[PATCH] nvme-rdma: Remove timeout for getting RDMA-CM established event

Mon May 16 15:28:53 PDT 2022

On 5/15/22 08:04, Israel Rukshin wrote:
> In case many controllers start error recovery at the same time (i.e.,
> when port is down and up), they may never succeed to reconnect again.
> This is because the target can't handle all the connect requests at
> three seconds (the arbitrary value set today). Even if some of the
> connections are established, when a single queue fails to connect,
> all the controller's queues are destroyed as well. So, on the
> following reconnection attempts the number of connect requests may
> remain the same. To fix this, remove the timeout and wait for RDMA-CM
> event to abort/complete the connect request. RDMA-CM sends unreachable
> event when a timeout of ~90 seconds is expired. This approach is used
> at other RDMA-CM users like SRP and iSER at blocking mode.
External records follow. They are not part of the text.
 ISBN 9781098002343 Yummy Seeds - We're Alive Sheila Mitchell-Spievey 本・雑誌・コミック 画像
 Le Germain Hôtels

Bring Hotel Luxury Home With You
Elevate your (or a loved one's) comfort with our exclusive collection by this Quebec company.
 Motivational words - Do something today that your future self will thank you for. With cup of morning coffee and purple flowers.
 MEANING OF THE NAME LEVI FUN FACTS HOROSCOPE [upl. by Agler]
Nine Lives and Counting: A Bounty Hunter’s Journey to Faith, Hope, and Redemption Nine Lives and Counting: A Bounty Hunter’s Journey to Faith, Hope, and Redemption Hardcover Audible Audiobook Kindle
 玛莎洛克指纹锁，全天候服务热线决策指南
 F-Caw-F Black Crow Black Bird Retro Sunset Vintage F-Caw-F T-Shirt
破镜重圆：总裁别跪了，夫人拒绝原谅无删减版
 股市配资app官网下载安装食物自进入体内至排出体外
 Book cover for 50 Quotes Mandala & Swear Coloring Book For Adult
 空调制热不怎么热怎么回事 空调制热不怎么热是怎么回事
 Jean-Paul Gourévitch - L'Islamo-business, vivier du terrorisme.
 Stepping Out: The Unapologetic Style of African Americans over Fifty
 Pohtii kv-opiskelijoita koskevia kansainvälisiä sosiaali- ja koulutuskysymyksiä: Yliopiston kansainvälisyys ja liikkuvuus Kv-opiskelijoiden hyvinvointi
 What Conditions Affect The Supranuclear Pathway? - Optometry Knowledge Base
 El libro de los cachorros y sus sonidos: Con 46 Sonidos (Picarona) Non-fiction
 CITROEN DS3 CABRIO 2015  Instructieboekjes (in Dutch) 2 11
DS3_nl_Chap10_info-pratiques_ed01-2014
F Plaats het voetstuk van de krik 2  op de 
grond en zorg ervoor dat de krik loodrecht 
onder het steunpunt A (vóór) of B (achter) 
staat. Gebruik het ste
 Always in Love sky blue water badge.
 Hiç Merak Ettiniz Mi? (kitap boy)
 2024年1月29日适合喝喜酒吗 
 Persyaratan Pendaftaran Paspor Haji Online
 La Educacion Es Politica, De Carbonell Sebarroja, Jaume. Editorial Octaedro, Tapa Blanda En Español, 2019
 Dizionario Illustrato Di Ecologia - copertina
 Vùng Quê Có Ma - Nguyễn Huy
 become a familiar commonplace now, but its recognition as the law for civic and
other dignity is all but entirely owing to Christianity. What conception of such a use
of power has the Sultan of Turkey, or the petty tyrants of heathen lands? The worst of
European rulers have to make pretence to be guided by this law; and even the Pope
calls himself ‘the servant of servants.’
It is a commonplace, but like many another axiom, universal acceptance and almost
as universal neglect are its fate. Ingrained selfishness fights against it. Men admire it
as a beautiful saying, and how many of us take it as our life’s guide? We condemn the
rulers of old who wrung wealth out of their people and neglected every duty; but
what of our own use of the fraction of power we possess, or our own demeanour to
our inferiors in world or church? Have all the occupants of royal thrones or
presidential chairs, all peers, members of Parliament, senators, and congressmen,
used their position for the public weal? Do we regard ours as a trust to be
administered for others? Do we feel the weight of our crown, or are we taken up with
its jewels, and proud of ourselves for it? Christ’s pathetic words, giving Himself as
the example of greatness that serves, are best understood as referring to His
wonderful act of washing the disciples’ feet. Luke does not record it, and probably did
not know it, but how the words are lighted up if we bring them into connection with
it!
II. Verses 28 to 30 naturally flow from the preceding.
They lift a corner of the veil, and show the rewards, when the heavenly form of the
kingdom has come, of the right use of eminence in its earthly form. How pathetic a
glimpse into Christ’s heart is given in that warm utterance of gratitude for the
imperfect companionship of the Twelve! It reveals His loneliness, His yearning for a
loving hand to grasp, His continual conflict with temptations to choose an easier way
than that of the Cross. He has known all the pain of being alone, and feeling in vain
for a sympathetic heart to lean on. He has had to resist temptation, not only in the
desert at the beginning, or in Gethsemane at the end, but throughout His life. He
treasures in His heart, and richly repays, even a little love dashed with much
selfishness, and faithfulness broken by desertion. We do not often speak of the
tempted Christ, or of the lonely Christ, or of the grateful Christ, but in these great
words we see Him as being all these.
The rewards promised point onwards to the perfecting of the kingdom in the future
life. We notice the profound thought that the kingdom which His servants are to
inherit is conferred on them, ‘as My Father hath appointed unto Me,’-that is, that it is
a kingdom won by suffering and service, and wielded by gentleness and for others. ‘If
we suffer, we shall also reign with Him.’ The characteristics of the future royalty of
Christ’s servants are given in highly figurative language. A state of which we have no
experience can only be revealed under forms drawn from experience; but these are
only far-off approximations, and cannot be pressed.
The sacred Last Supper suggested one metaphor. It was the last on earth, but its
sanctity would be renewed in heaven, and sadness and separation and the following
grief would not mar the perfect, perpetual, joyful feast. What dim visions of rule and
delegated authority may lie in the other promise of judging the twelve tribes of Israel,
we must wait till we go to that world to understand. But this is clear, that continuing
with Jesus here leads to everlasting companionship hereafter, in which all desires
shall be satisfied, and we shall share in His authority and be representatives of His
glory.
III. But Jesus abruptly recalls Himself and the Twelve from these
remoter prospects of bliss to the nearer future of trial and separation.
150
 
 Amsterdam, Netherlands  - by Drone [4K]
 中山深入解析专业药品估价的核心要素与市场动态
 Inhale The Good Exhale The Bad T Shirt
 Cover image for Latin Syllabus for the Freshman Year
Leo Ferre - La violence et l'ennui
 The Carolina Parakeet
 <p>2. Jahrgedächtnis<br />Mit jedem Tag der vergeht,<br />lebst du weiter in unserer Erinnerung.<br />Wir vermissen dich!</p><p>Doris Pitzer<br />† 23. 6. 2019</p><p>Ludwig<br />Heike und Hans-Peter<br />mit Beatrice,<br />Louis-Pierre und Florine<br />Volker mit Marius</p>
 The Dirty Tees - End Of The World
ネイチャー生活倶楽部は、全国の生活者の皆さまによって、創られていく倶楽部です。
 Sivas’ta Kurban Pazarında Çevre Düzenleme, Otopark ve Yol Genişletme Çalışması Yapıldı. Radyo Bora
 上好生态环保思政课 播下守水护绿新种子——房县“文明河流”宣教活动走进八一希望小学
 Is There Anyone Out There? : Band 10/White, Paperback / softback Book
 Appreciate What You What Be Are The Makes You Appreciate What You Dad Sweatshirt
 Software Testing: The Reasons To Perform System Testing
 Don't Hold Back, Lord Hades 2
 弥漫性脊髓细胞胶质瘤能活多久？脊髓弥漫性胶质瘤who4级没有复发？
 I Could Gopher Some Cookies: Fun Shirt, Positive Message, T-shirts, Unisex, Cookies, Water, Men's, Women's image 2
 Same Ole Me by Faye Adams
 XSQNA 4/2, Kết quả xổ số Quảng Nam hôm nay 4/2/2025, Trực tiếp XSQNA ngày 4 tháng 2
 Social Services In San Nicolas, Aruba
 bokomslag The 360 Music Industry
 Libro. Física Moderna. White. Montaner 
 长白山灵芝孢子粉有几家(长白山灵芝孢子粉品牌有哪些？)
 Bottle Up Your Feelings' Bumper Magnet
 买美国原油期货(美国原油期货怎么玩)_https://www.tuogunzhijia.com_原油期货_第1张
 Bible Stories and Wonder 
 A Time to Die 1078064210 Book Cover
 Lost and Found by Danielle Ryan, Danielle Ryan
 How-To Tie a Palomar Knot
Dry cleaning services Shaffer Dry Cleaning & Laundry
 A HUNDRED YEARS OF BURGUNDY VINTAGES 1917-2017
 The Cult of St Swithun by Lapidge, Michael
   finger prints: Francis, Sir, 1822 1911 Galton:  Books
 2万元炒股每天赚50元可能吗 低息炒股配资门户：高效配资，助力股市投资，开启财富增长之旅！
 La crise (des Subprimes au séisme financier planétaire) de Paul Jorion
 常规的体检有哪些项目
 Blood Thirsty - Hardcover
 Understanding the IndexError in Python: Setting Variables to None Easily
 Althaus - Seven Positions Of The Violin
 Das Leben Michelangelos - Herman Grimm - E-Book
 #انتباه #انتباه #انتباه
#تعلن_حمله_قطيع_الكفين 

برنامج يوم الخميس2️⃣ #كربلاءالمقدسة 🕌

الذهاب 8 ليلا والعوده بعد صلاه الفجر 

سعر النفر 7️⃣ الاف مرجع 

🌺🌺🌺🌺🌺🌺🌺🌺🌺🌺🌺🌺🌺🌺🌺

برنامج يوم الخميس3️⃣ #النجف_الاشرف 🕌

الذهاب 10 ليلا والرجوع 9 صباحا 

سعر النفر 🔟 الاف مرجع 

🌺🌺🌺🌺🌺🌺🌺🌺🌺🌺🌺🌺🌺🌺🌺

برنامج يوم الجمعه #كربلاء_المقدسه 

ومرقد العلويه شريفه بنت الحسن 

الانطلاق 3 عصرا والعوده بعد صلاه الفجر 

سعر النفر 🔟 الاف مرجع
The commit
> also renames NVME_RDMA_CONNECT_TIMEOUT_MS to NVME_RDMA_CM_TIMEOUT_MS.
> 
> Signed-off-by: Israel Rukshin <israelr at nvidia.com>
> Reviewed-by: Max Gurtovoy <mgurtovoy at nvidia.com>
> ---

Based on the complexity of components are involved in this, please write
a blktests for rdma transport to make sure this gets tested on each
release.

-ck